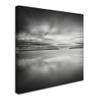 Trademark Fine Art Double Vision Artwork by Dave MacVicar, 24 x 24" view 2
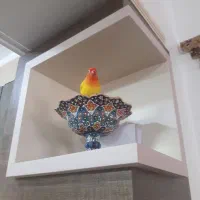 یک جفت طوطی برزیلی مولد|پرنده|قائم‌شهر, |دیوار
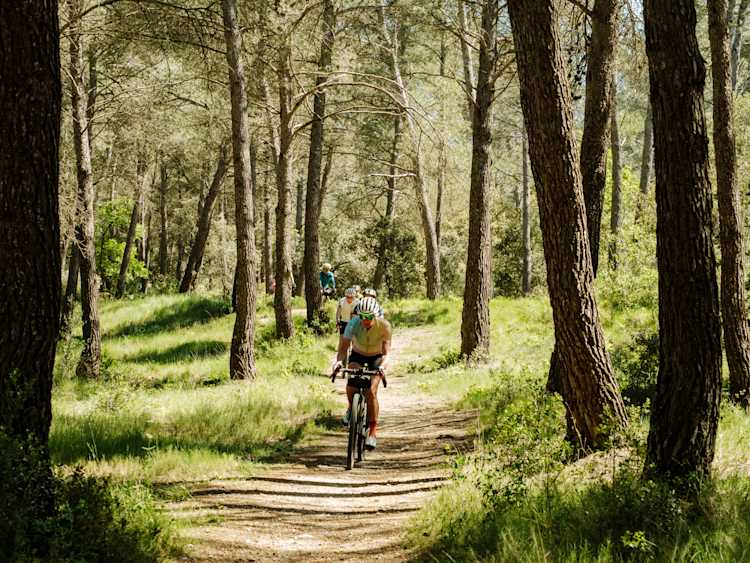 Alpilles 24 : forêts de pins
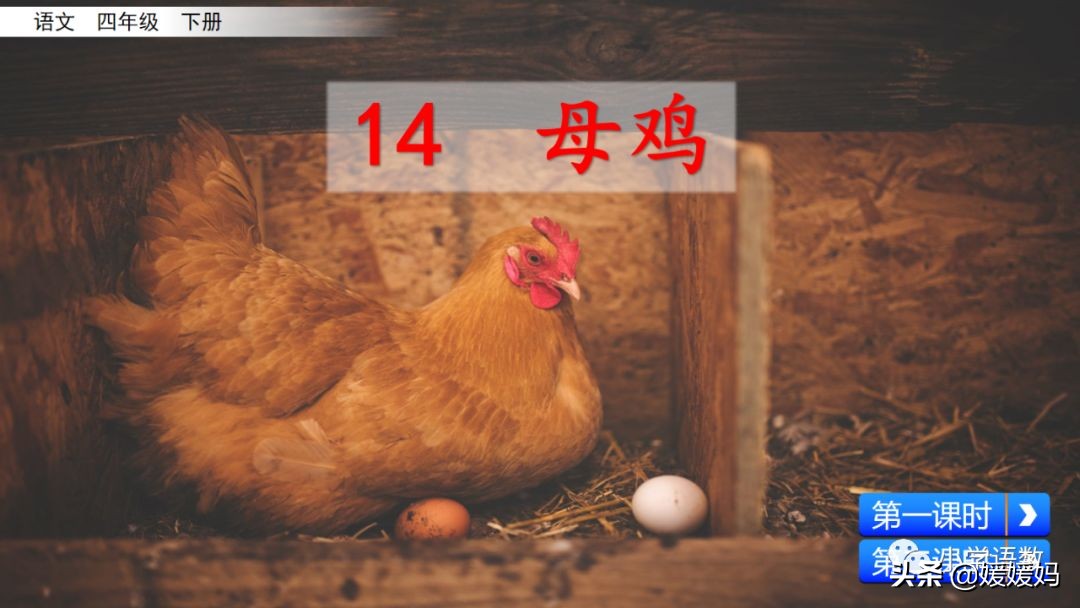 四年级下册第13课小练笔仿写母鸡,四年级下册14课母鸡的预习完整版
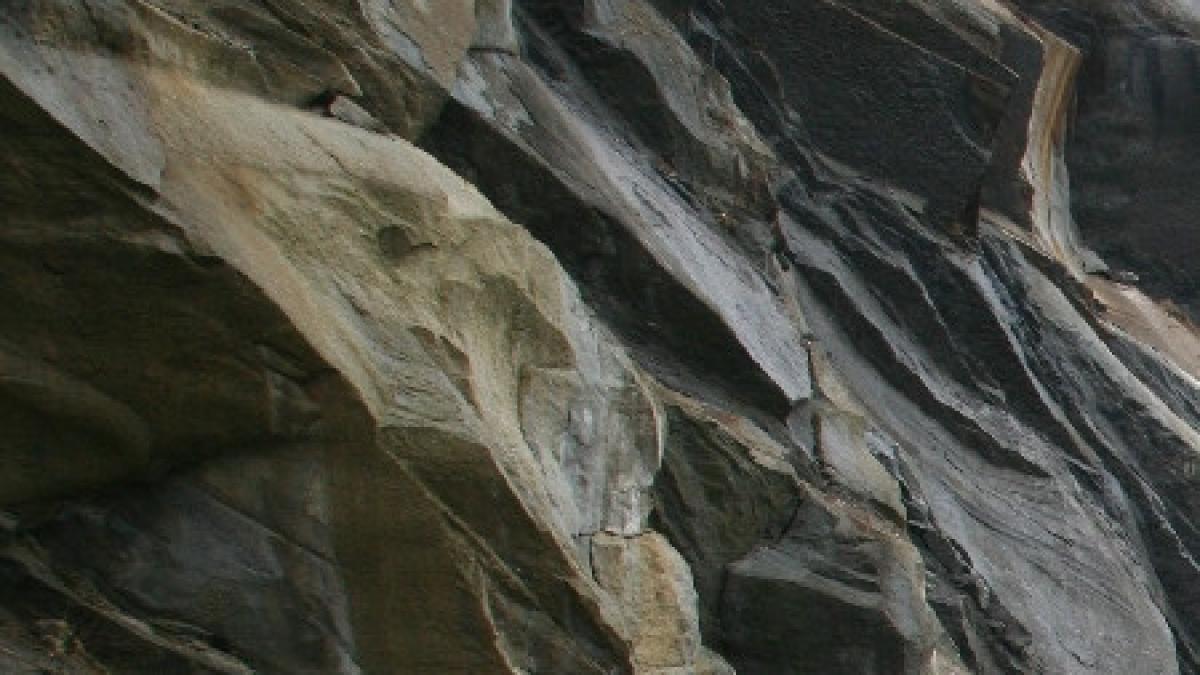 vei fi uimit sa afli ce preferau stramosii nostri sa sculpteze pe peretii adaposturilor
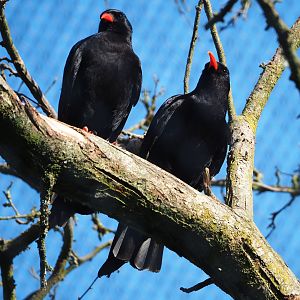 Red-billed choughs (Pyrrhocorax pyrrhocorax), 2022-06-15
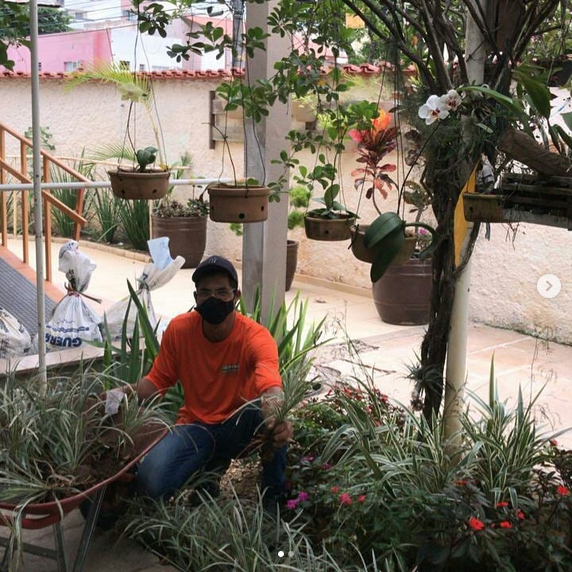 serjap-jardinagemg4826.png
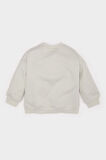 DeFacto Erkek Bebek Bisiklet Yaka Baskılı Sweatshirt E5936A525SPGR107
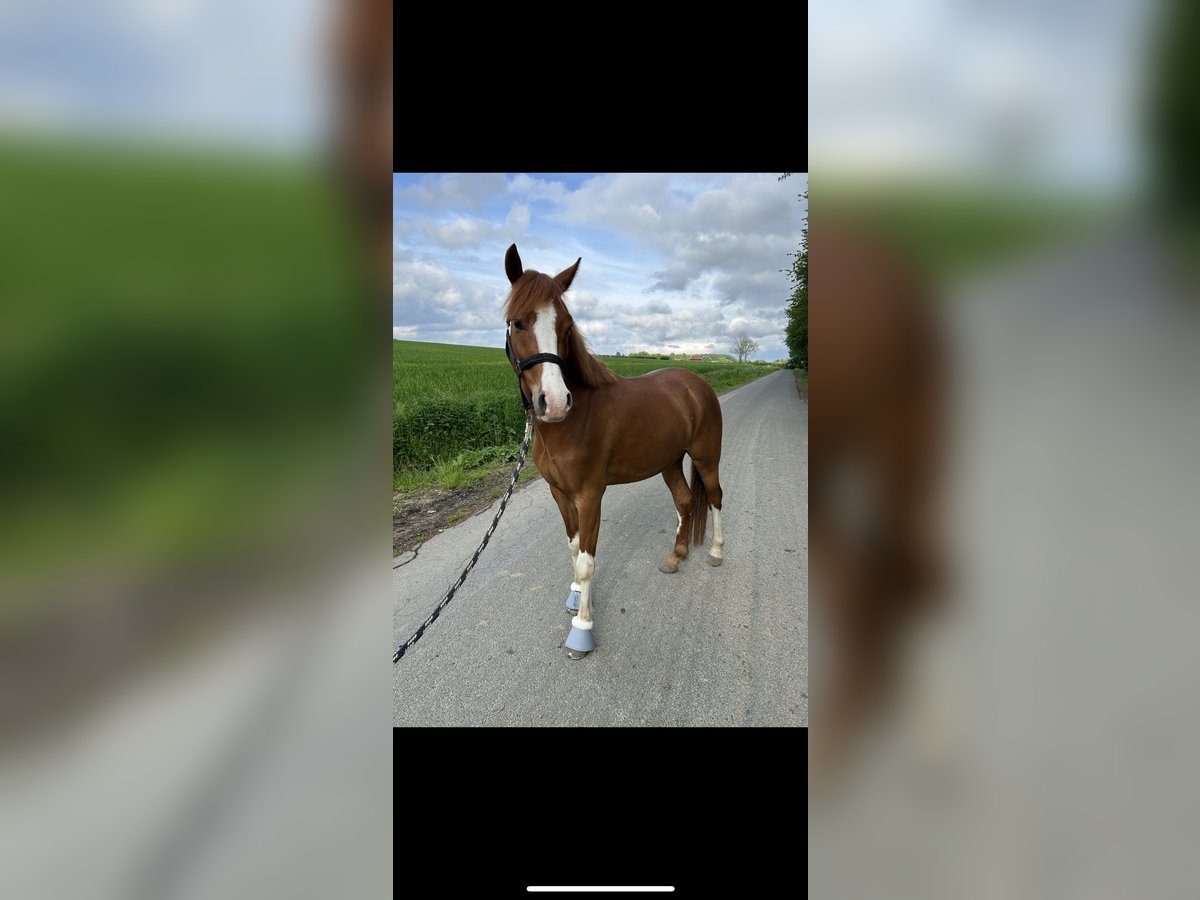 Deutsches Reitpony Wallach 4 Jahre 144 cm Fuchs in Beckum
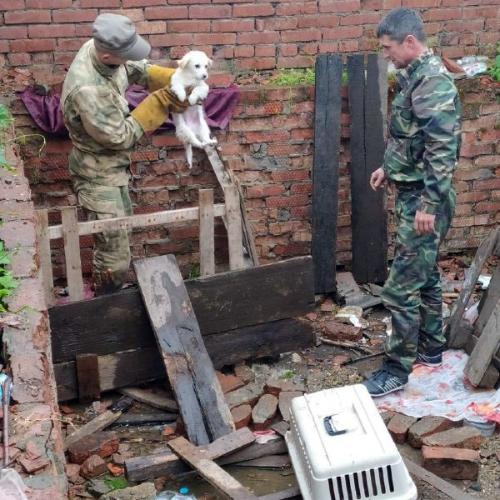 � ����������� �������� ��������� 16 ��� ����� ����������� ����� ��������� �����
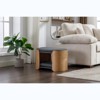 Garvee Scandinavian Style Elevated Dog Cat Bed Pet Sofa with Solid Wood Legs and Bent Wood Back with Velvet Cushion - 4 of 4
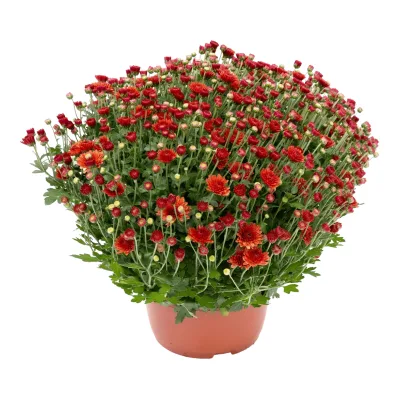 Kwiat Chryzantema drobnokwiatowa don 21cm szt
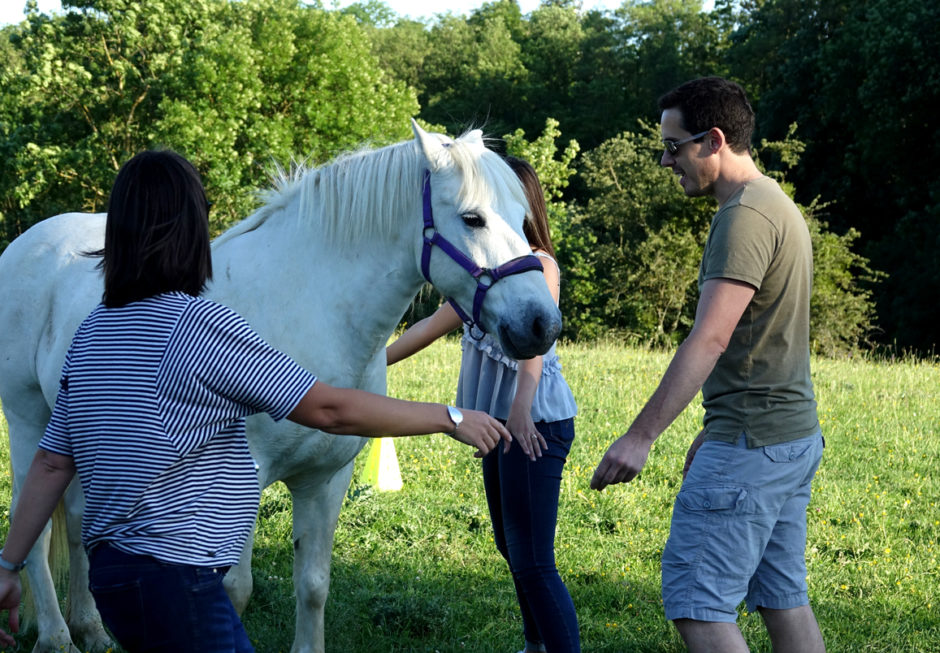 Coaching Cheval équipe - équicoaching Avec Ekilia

▶ **WHAT THE EXERCISE ASKS**:
The response should contain every record above exactly as written, and none of the pictures.

▶ **SOLVED PROBLEM**:
 Trademark Fine Art Double Vision Artwork by Dave MacVicar, 24 x 24" view 2
 یک جفت طوطی برزیلی مولد|پرنده|قائم‌شهر, |دیوار
 Alpilles 24 : forêts de pins
 四年级下册第13课小练笔仿写母鸡,四年级下册14课母鸡的预习完整版
 vei fi uimit sa afli ce preferau stramosii nostri sa sculpteze pe peretii adaposturilor
 Red-billed choughs (Pyrrhocorax pyrrhocorax), 2022-06-15
 serjap-jardinagemg4826.png
 DeFacto Erkek Bebek Bisiklet Yaka Baskılı Sweatshirt E5936A525SPGR107
 Deutsches Reitpony Wallach 4 Jahre 144 cm Fuchs in Beckum
 � ����������� �������� ��������� 16 ��� ����� ����������� ����� ��������� �����
 Garvee Scandinavian Style Elevated Dog Cat Bed Pet Sofa with Solid Wood Legs and Bent Wood Back with Velvet Cushion - 4 of 4
 Kwiat Chryzantema drobnokwiatowa don 21cm szt
 Coaching Cheval équipe - équicoaching Avec Ekilia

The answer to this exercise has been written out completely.